Amazon Redshift Logo
Image Source

AWS Redshift is a Data Warehouse built using MPP (massively parallel processing) architecture. It is owned and maintained by Amazon Web Services (AWS). It has the ability to handle a large volume of data and analytical workloads. It is completely managed, easy to set up, and has a high performance even for large data sets. These features combined with its pricing have made it one of the preferred data warehouses among the modern data teams.

To learn more about Amazon Redshift, visit here.

Methods to Connect PostgreSQL to Redshift

Method 1: Manual ETL Process to Connect PostgreSQL to Redshift

This method requires you to manually custom code the ETL process that will connect PostgreSQL to Redshift. It will use various Redshift commands to build this ETL process.

Method 2: Using Hevo Data to Connect PostgreSQL to Redshift

Hevo Data provides a hassle-free solution and helps you directly transfer data from PostgreSQL to Redshift and numerous other Databases/Data Warehouses or destinations of your choice instantly without having to write any code. Hevo comes with a graphical interface that allows you to configure your PostgreSQL source and load data in real-time. Hevo is fully managed and completely automates the process of not only loading data from your desired source but also enriching the data and transforming it into an analysis-ready form without having to write a single line of code. Hevo’s pre-built with 100+ data sources (including 30+ free data sources) will take full charge of the data transfer process, allowing you to focus on key business activities.

Get Started with Hevo for Free

Methods to Connect PostgreSQL to Redshift

The following 2 methods can be used to connect PostgreSQL to Redsift for data transfer process:

Method 1: Manual ETL Process to Connect PostgreSQL to Redshift

You can build a pipeline to load data fro PostgreSQL to Redshift using the following steps:

Each of these steps are elaborated along with code snippets in the sections below. Let’s dive in

Step 1: Build a Schema in the Target Database

The first step of this migrating PostgreSQL to Redshift is to keep your target database ready by building an Amazon Redshift compatible schema. 

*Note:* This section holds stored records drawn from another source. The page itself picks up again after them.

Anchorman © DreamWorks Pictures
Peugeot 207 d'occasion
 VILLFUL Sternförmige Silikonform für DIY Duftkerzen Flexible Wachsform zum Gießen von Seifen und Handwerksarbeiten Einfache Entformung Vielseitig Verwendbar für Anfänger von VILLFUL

Postgres’s table definition is stored in the information_schema.tables and column definition stored in information_schema.columns. Redshift’s column types differ slightly from Postgres and a few of them are not supported.

Here is a list of all Postgres data types that are not supported in Redshift:

  • Arrays
  • BIT, BIT VARYING
  • BYTEA
  • Composite Types
  • Date/Time Types
    • INTERVAL
    • TIME
  • Enumerated Types
  • Geometric Types
  • JSON
  • Network Address Types
  • Numeric Types
    • SERIAL, BIGSERIAL, SMALLSERIAL
    • MONEY
  • Object Identifier Types
  • Pseudo-Types
  • Range Types
  • Text Search Types
  • TXID_SNAPSHOT
  • UUID
  • XML

You will have to convert the above data types into Redshift compatible types first.

Redshift makes use of Sort key and Distribution key to achieve performance gain. It is very important to choose these keys wisely at the time of table creation. With Sort Keys, you can configure the column on which sorting needs to be applied upon storing in Redshift. Distribution key is used to distribute data across multiple nodes based on the values of a particular column.

You can read more about choosing Amazon Redshift sort keys and Amazon Redshift distribution keys here.

Let us take an example of migrating Customer table from PostgreSQL to Redshift. To create a table in Redshift, we can use below command:

CREATE TABLE CUSTOMERS (ID INT, NAME VARCHAR(20), ADDRESS VARCHAR(50), BIRTH_DATE TIMESTAMP)
DISTSTYLE KEY
DISTKEY (ID)
SORTKEY (ID, BIRTH_DATE);

Note that the maximum character length supported by Redshift is 65535 hence any field larger than that (e.g. text) will need to be truncated/ split across multiple columns.

Step 2: Extracting Data from PostgreSQL to S3 Buckets

The best way to load a large amount of data to Redshift table is to use a COPY command. Using COPY command, you can load data from various sources like Amazon S3, Amazon EMR, and Remote Host(SSH). The most commonly used source for COPY command is Amazon S3 as it offers the best performance by loading multiple data files in parallel.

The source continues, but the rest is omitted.